### TASK INSTRUCTIONS
Find the line containing "الفتيات أحذية عالية", then return it and every line after it through the end of the records, exactly. Leave out pictures.
■ ■ ■ ■
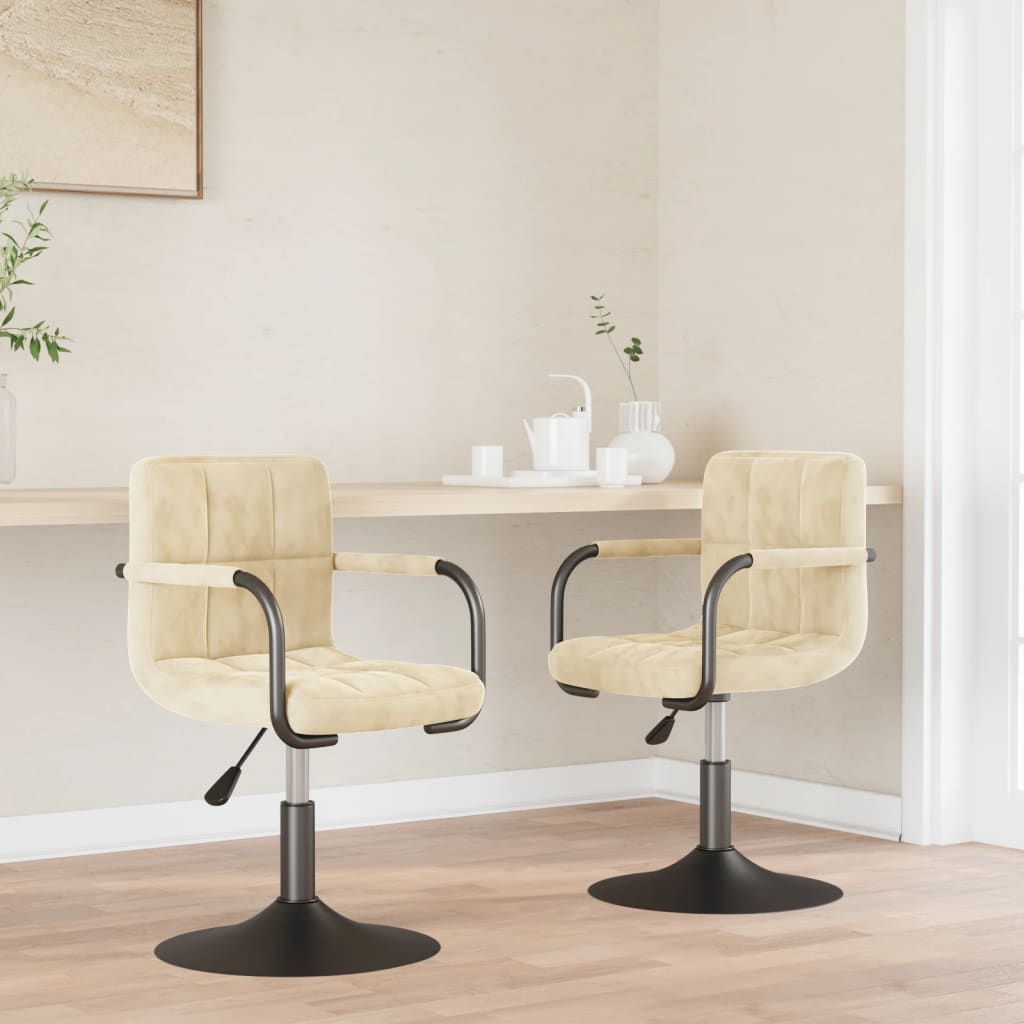 Sillas de comedor giratorias 2 uds de terciopelo gris claro
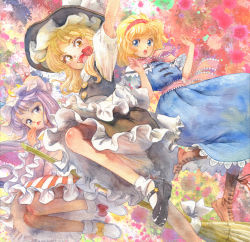 Rule 34 | 3girls, :&lt;, alice margatroid, apron, blonde hair, bloomers, blue dress, blue eyes, boots, broom, capelet, coat, crescent, cross-laced footwear, dress, graphite (medium), hairband, hat, inkblot, kirisame marisa, long sleeves, looking at viewer, mary janes, misawa hiroshi, mob cap, multiple girls, open clothes, open coat, open mouth, painting (medium), patchouli knowledge, puffy short sleeves, puffy sleeves, purple eyes, purple hair, sash, shirt, shoes, short sleeves, skirt, skirt set, smile, striped clothes, striped dress, touhou, traditional media, underwear, upskirt, vest, waist apron, watercolor (medium), wide sleeves, witch hat, yellow eyes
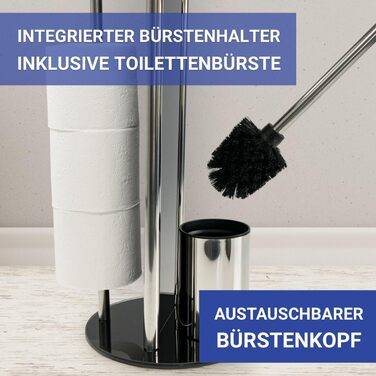 Набір для туалету WENKO Ravina 3в1 з нержавіючої сталі (тримач туалетного паперу, щітка, тримач щітки), 20 x 70 см, сріблястий/чорний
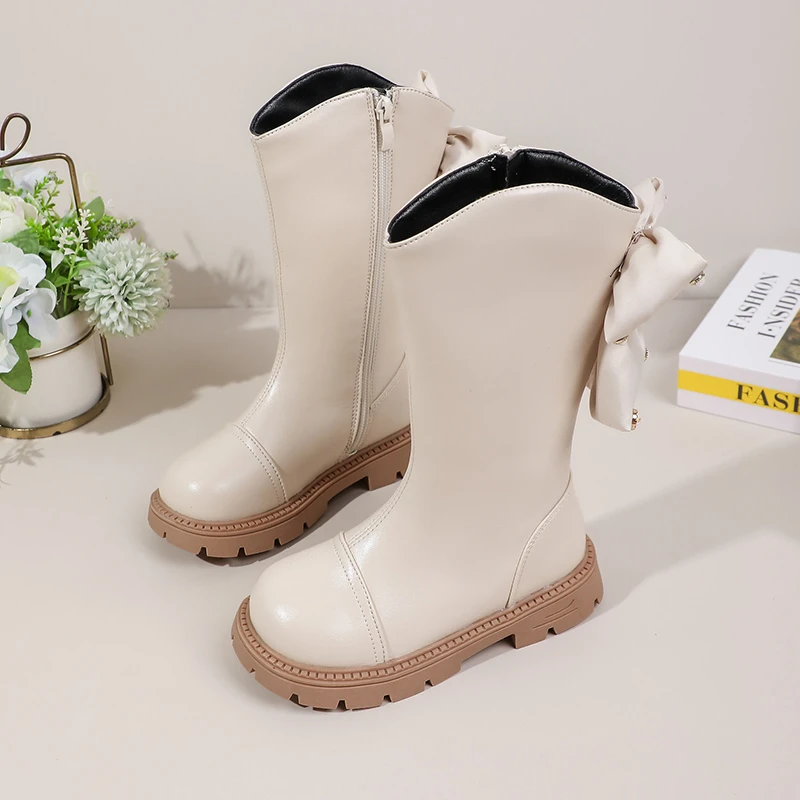 الفتيات أحذية عالية مع عودة Bowknots الاطفال الأحذية الجلدية بلون تنوعا 2025 الخريف الشتاء الأطفال أحذية طويلة لينة وحيد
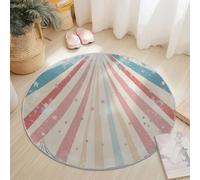 Rugs Round ø120 cm Living Room Modern Non-Slip Area Rug Round, Machine Washable Floor Carpet Short Pile Soft Vintage Circus Poster Circle Rug Pink for Bedroom Kids Room Decor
■ ■ ■ ■
### EXERCISE ANSWER
 الفتيات أحذية عالية مع عودة Bowknots الاطفال الأحذية الجلدية بلون تنوعا 2025 الخريف الشتاء الأطفال أحذية طويلة لينة وحيد
 Rugs Round ø120 cm Living Room Modern Non-Slip Area Rug Round, Machine Washable Floor Carpet Short Pile Soft Vintage Circus Poster Circle Rug Pink for Bedroom Kids Room Decor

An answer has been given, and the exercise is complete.